Выждав паузу, Евгений Васильевич почтительно протянул ему стакан с водой:
– Запей, Кальт.
И добавил:
– Гибнут алчущие чего-то при смене власти. А если ограничить себя смирением, картохой, махрой да штанцами с дырками, то уцелеешь. А нет – так такую малость, как эта жизнь, и не жалко.
В завершение последнего полноценного рабочего дня Евгений Васильевич обежал кабинет, подозрительно и пристально оглядывая обстановку.
– Что бы такое стащить из вещей для дома?
Сняв с гвоздиков щербатое по кромке зеркало, он любовно протер его рукавом кителя, шепнул заговорщицки:
– Без зеркала мы с котом. Третья семья от нас ушла с зеркалом.
Кальтенберг тревожно наблюдал за разграблением казенного имущества.
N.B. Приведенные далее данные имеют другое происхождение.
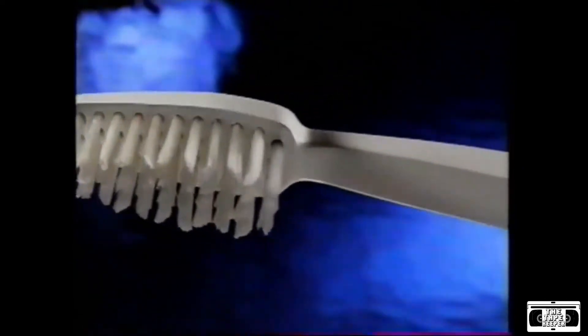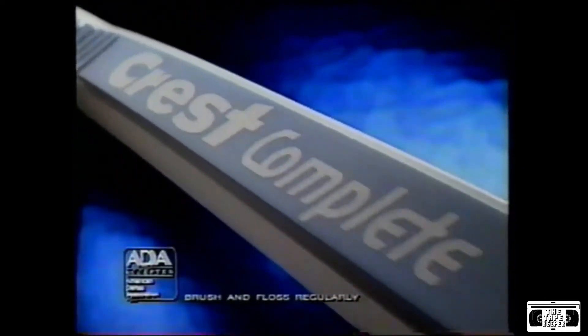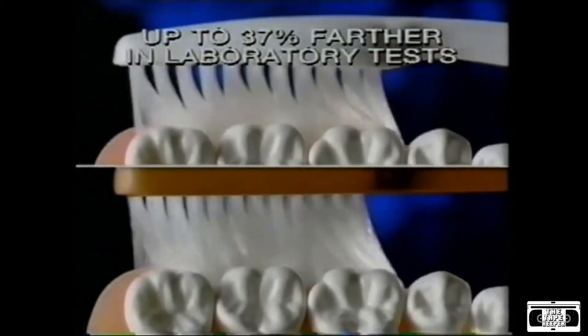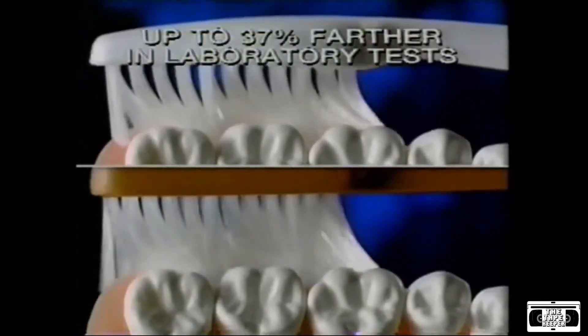Well now there's a new instrument you can use at home. Introducing Crest Complete with one-of-a-kind rippled bristles. Like a dentist's instrument, Crest Complete reaches between teeth up to 37% farther than the leading flat bristle brush.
Аскетичная Альбина прибрала к рукам двухметровую глянцевую разноцветную карту Российской Федерации. Еще теплый камин отошел Наине Бургановне, а электрический чайник Евгений Васильевич лично отнес в соседний отдел и нахально пытался продать его там по той же цене, по какой приобрел его лет семь назад, за что и был выставлен в коридор, возможно коленом.
Алея от стыда лицом, Кальтенберг извинялся перед соседями, втихую выкручивая кисть возмущенному до детских слез Сапожникову.
Тем же вечером Евгений Васильевич приколотил трофейное зеркало к стене в прихожей.
Исполнив вечерний обряд кормления Парамона вареной рыбой, он в смятении походил по квартире, растирая шишку на правом боку, потом сдернул с полки книжку и завалился на диван. Кот пристроился на груди, излучая доброжелательность, поурчал и через минуту заснул. Из динамиков тихо напевал старик Элвис: «Мудрецы говорят, спешат лишь дураки…»
Книга называлась «Древнекитайская философия», пролистнув несколько страниц, герой мягко схлопнул фиолетовый том.
В конфуциевы времена он, безусловно, слыл бы гуманистом, отвечал бы всем принципам добродеятельности, включая и строгое подчинение сложившемуся разделению социальных ролей: узник должен быть узником, надзиратель – надзирателем, инженер – инженером, чиновник – чиновником. Он был доволен своим положением пленника, и пока находились желающие владеть рабами, он был согласен быть рабом. Он так гордился, что всю жизнь провел в золотой клетке, которой для него было конструкторское бюро, что когда клетка развалилась, воспринял это как понижение социального статуса и крушение всей жизни.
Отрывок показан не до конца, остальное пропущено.